CONGREGATE LIVING FACILITIES. A building or part thereof that contains sleeping units where residents share bathroom and/or kitchen facilities.

DORMITORY. A space in a building where group sleeping accommodations are provided in one room, or in a series of closely associated rooms, for persons not members of the same family group, under joint occupancy and single management, as in college dormitories or fraternity houses.

FAMILY CHILD CARE HOME. Includes certified family child care homes (located in homes licensed for 16 or fewer children) and registered family child care homes (located in homes licensed for 10 or fewer children).

LODGING HOUSE. Any building or portion thereof containing not more than five guest rooms where rent is paid in money, goods, labor or otherwise. The total number of guests shall not exceed 16.

PERSONAL CARE. See Section 102 of Appendix SR.

TRANSIENT. Occupancy of a dwelling unit or sleeping unit for not more than 30 days.


SECTION 312 UTILITY AND MISCELLANEOUS GROUP U

312.1 General. Buildings and structures of an accessory character and miscellaneous structures not classified in any specific occupancy shall be constructed, equipped and maintained to conform to the requirements of this code commensurate with the fire and life hazard incidental to their occupancy. Group U shall include, but not be limited to, the following:
    Agricultural buildings
    Aircraft hangars, accessory to a one- or two-family residence (see Section 412.5)
    Barns
    Carports
    Fences more than 6 feet (1829 mm) high
    Grain silos, accessory to a residential occupancy
    Greenhouses
    Livestock shelters
    Private garages
    Retaining walls
    Sheds
    Stables
    Tanks
    Towers



CHAPTER 10 MEANS OF EGRESS

SECTION 1001 ADMINISTRATION

1001.1 General. Buildings or portions thereof shall be provided with a means of egress system as required by this chapter. The provisions of this chapter shall control the design, construction and arrangement of means of egress components required to provide an approved means of egress from structures and portions thereof.

1001.2 Minimum requirements. It shall be unlawful to alter a building or structure in a manner that will reduce the number of exits or the capacity of the means of egress to less than required by this code.


SECTION 1002 DEFINITIONS

1002.1 Definitions. The following words and terms shall, for the purposes of this chapter and as used elsewhere in this code, have the meanings shown herein.

ACCESSIBLE MEANS OF EGRESS. A continuous and unobstructed way of egress travel from any accessible point in a building or facility to a public way.

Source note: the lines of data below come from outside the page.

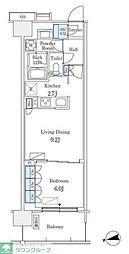 スカイグランデ津田沼 3階1LDKの間取り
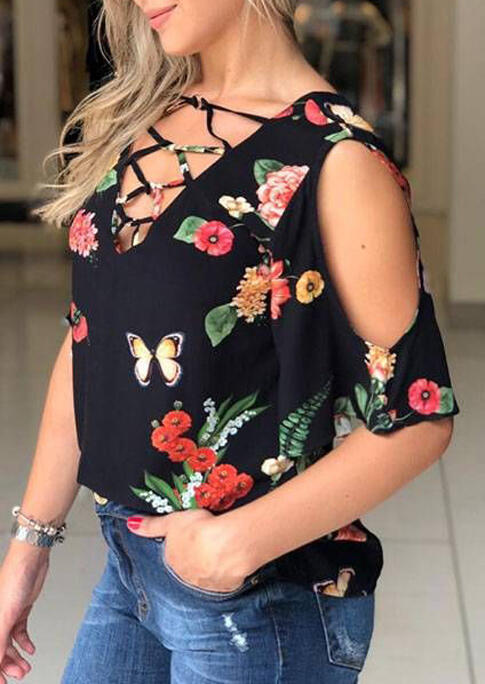 

Floral Criss-Cross Cold Shoulder V-Neck Blouse - Black, 474198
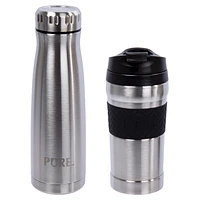 PURE Drinkware, Water Bottle and Coffee Tumbler Set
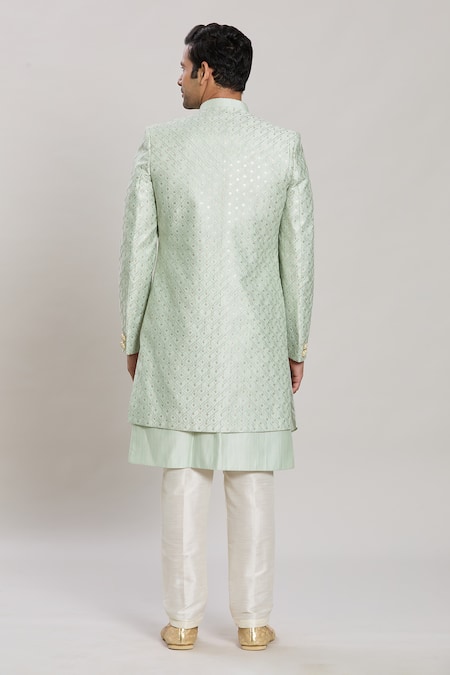 Arihant Rai Sinha Sequin Embroidered Sherwani Aligadhi Pant Set 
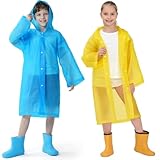 Regenponcho Kinder, 2 Stück Wiederverwendbar Transparent Regenmantel Atmungsaktiv Wasserdicht Regenmantel für Reisen Wandern Radfahren & Camping(Blau Gelb)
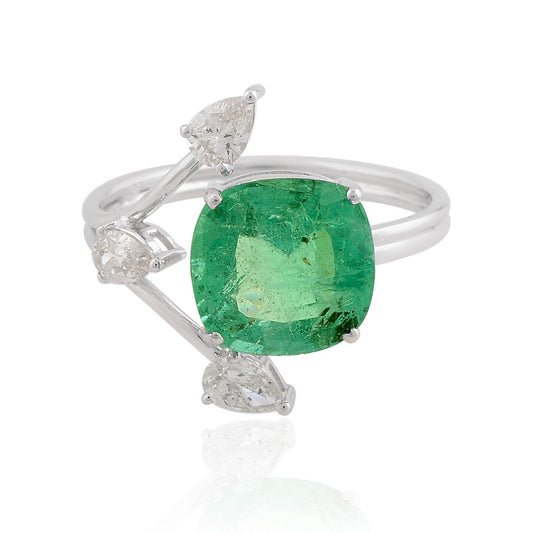 18k White Gold 3.51 TCW SI Clarity HI Color Diamond Zambian Emerald Gemstone Statement Ring Handmade Jewelry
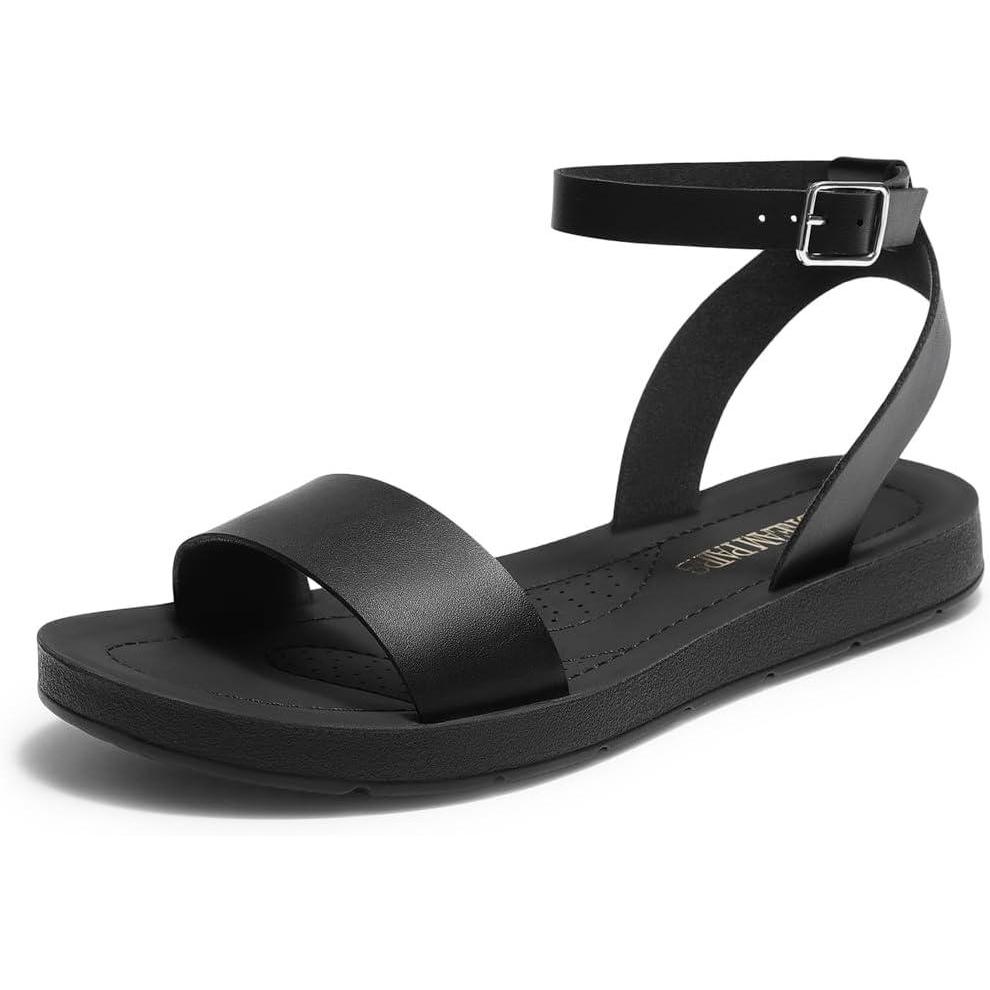 imageDREAM PAIRS Womens One Band Ankle Strap Buckle Flat SandalsAll Blackpu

AISLE. An unenclosed exit access component that defines and provides a path of egress travel.

AISLE ACCESSWAY. That portion of an exit access that leads to an aisle.

AREA OF REFUGE. An area where persons unable to use stairways can remain temporarily to await instructions or assistance during emergency evacuation.

COMMON PATH OF EGRESS TRAVEL. That portion of exit access which the occupants are required to traverse before two separate and distinct paths of egress travel to two exits are available. Paths that merge are common paths of travel. Common paths of egress travel shall be included within the permitted travel distance.

CORRIDOR. An enclosed exit access component that defines and provides a path of egress travel to an exit.

EGRESS COURT. A court or yard which provides access to a public way for one or more exits.

EXIT. That portion of a means of egress system which is separated from other interior spaces of a building or structure by fire-resistance-rated construction and opening protectives as required to provide a protected path of egress travel between the exit access and the exit discharge. Exits include exterior exit doors at the level of exit discharge, vertical exit enclosures, exit passageways, exterior exit stairways, exterior exit ramps and horizontal exits.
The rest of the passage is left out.